▸ WHAT YOU NEED TO DO
Exactly retype the lines below from the one containing "So I have the" through the end of the listing. Leave pictures out.
---------- RECORD EXCERPTS
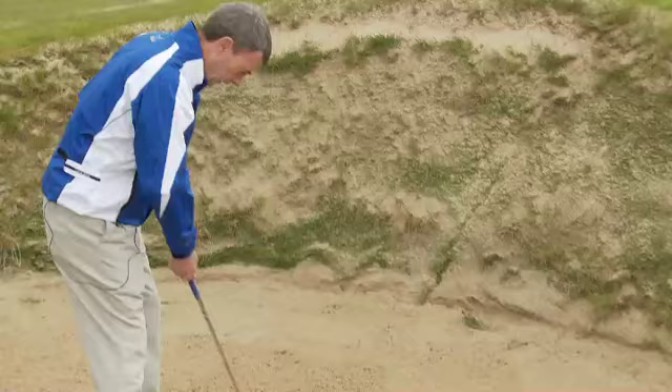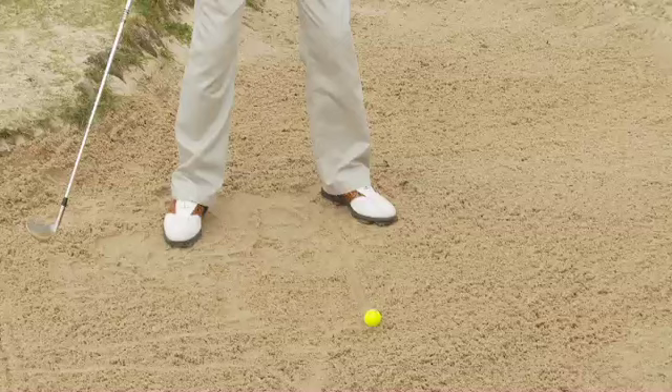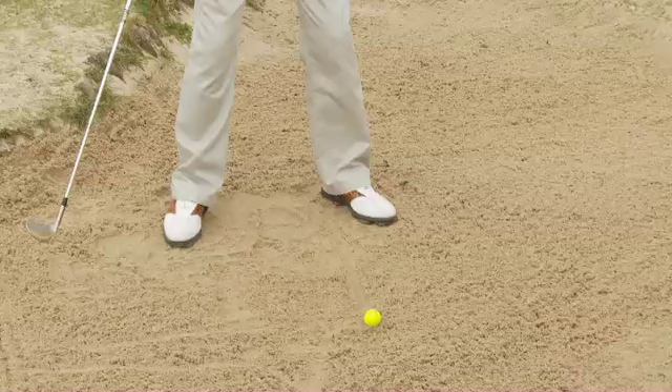We've got the ball set again off the left. You can draw some lines in the sand — you can't in the middle, remember, but you can here. Off the left heel, feet at 10 to 2, leaning everything way left, aiming about maybe 2 inches behind the ball, no shaft lean.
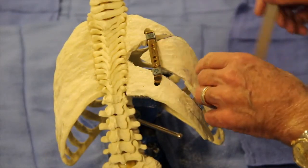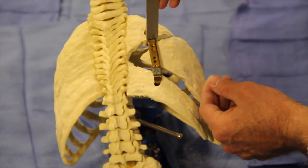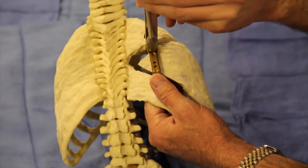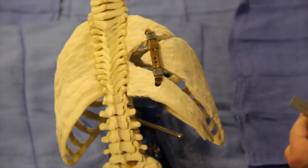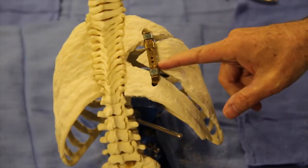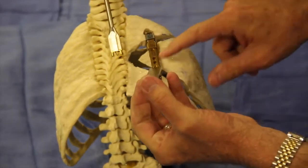Now, using the shim — which is available in the Vector 1 set — you distract apart the device so the holes line up, and then use a distraction lock. First, proximally, it is tapped in, and the lock inserter is next used to secure it. Then distally, the same is done: the shim is inserted, and then the lock is placed in.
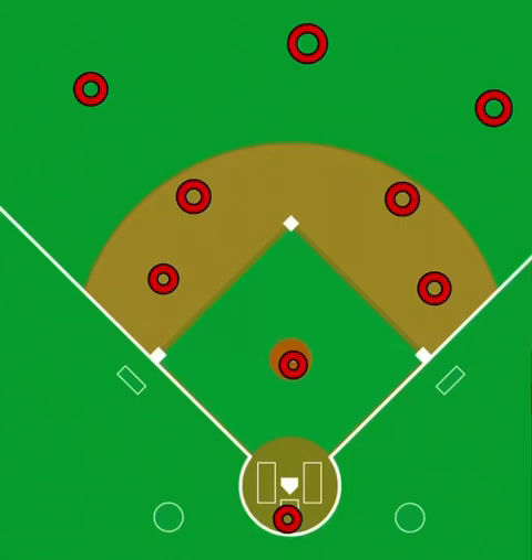Hey guys, here's our situation of the day. Today we're talking about base hits all over the outfield and some of them are going to be in some gap situations.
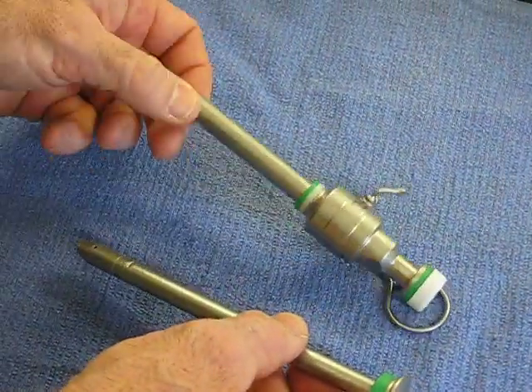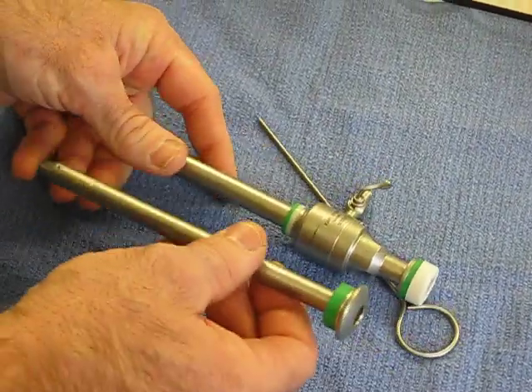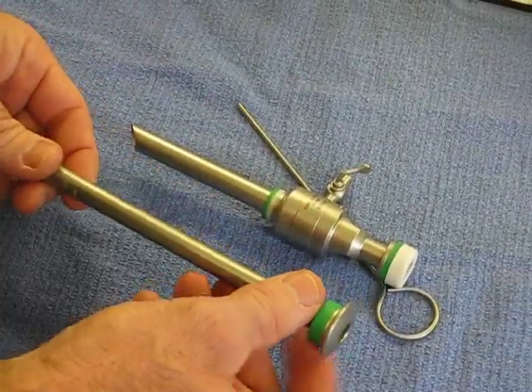This is how you clean the smooth wall cannulas with the automatic valves. You want to remove the trocar and clean that separately.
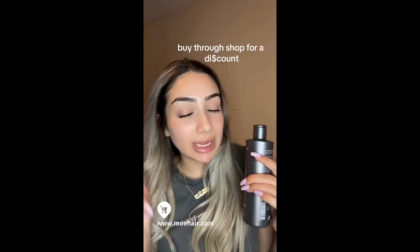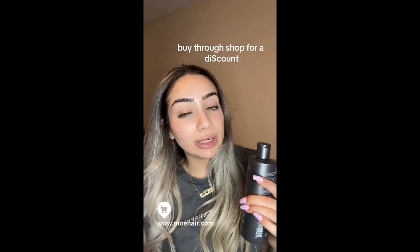But guys, look at this hair! I shampooed my hair first with just a regular shampoo, then I added this, then I used a conditioner. If you guys want to buy this product, I will have it linked below. Just be warned — if you have blonde hair or orange tones or yellow tones, be careful using this product because it is very, very strong.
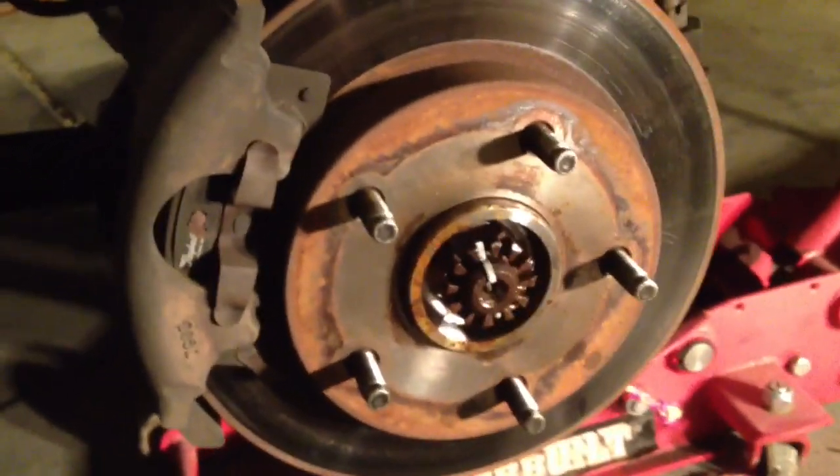Alright, so we got the wheel off. I've jacked the car up and the first thing I'm going to focus on is removing the brake caliper. There are actually two bolts behind the brake caliper. I'm going to undo those and then hang the caliper by that piece of rope so that I don't stress the brake line.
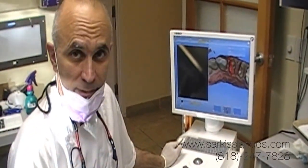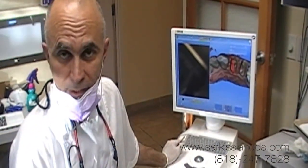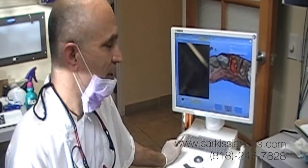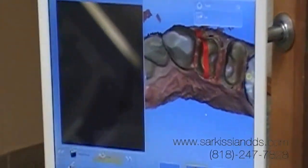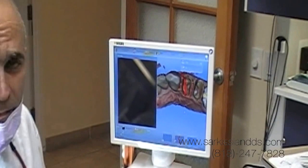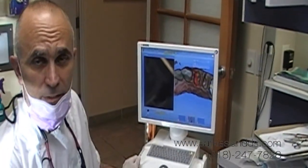Now we're just scanning the teeth after lasering the gums to expose the margins. We will be scanning with the CEREC digitally to be able to mill two teeth — 12 and 13 — with porcelain onlays.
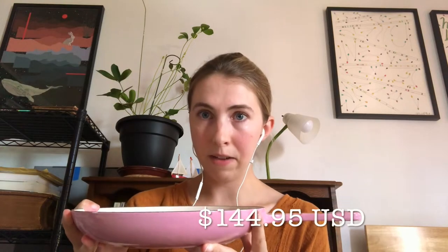So I have the nine and three quarter inch shallow fry pan. This also comes in an 11 inch I believe. I went with the smaller one just because it suits my needs a little bit better, and also it's really heavy, so that's something to consider. It is a cast iron product so it is quite heavy. This pan currently retails at Williams Sonoma for $144.95 and I picked it up in the pink color.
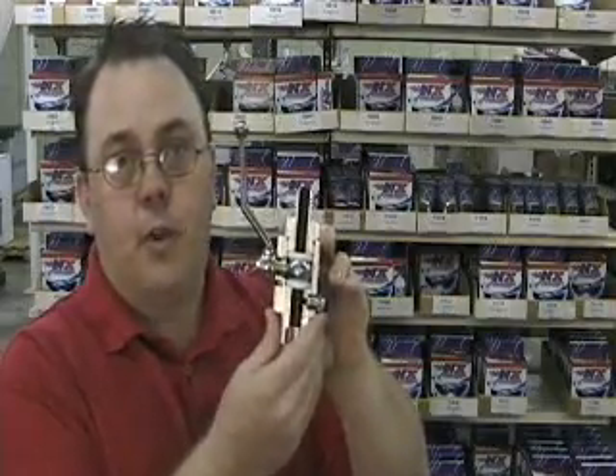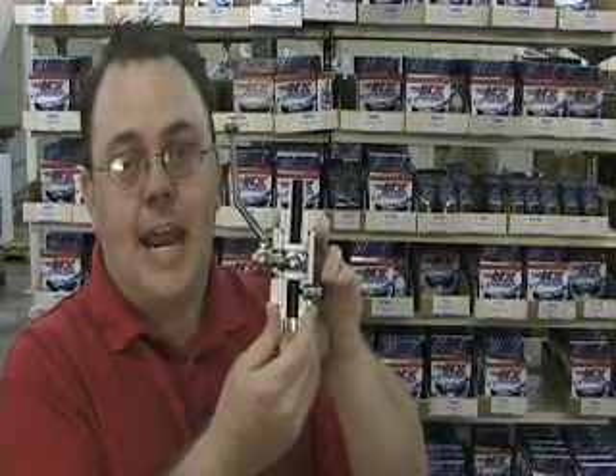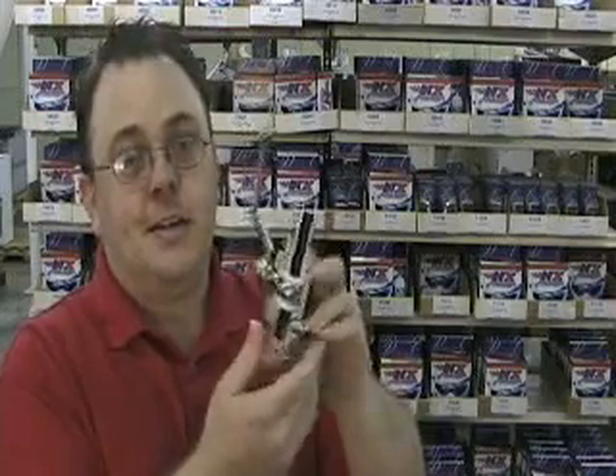This valve will outflow any other valve on the market — hands down, even the copycats. If you want to go fast, it better be Nitrous Express and it better be the DF5 valve.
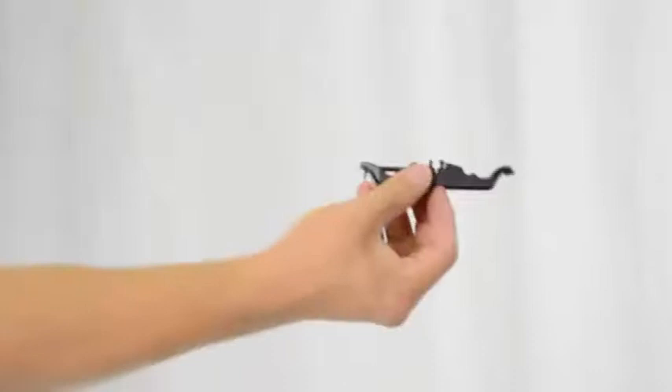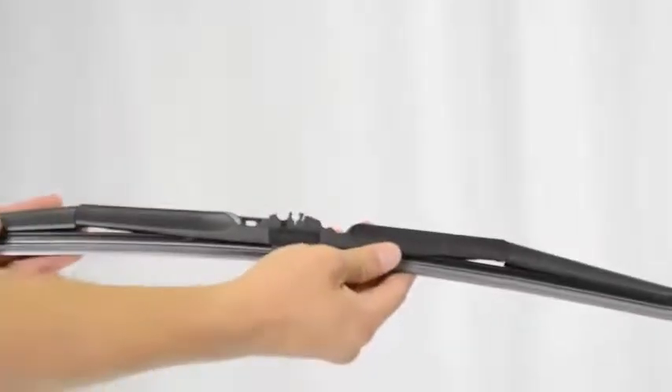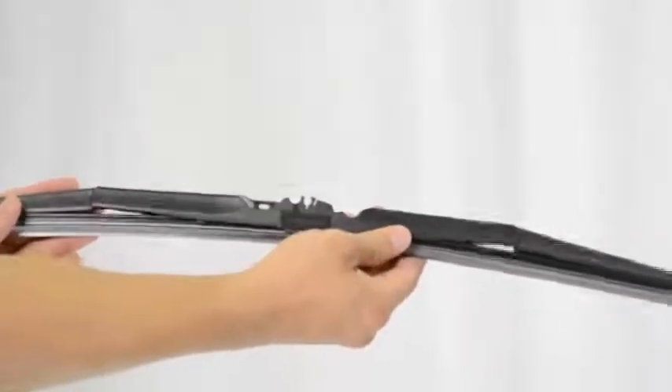Next, take the B-type base holder and snap it into place. Once that's snapped in, take the B-type adapter and open the cap.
--------------------
▸ SOLUTION FOR THIS TASK
So I have the nine and three quarter inch shallow fry pan. This also comes in an 11 inch I believe. I went with the smaller one just because it suits my needs a little bit better, and also it's really heavy, so that's something to consider. It is a cast iron product so it is quite heavy. This pan currently retails at Williams Sonoma for $144.95 and I picked it up in the pink color.
This valve will outflow any other valve on the market — hands down, even the copycats. If you want to go fast, it better be Nitrous Express and it better be the DF5 valve.
Next, take the B-type base holder and snap it into place. Once that's snapped in, take the B-type adapter and open the cap.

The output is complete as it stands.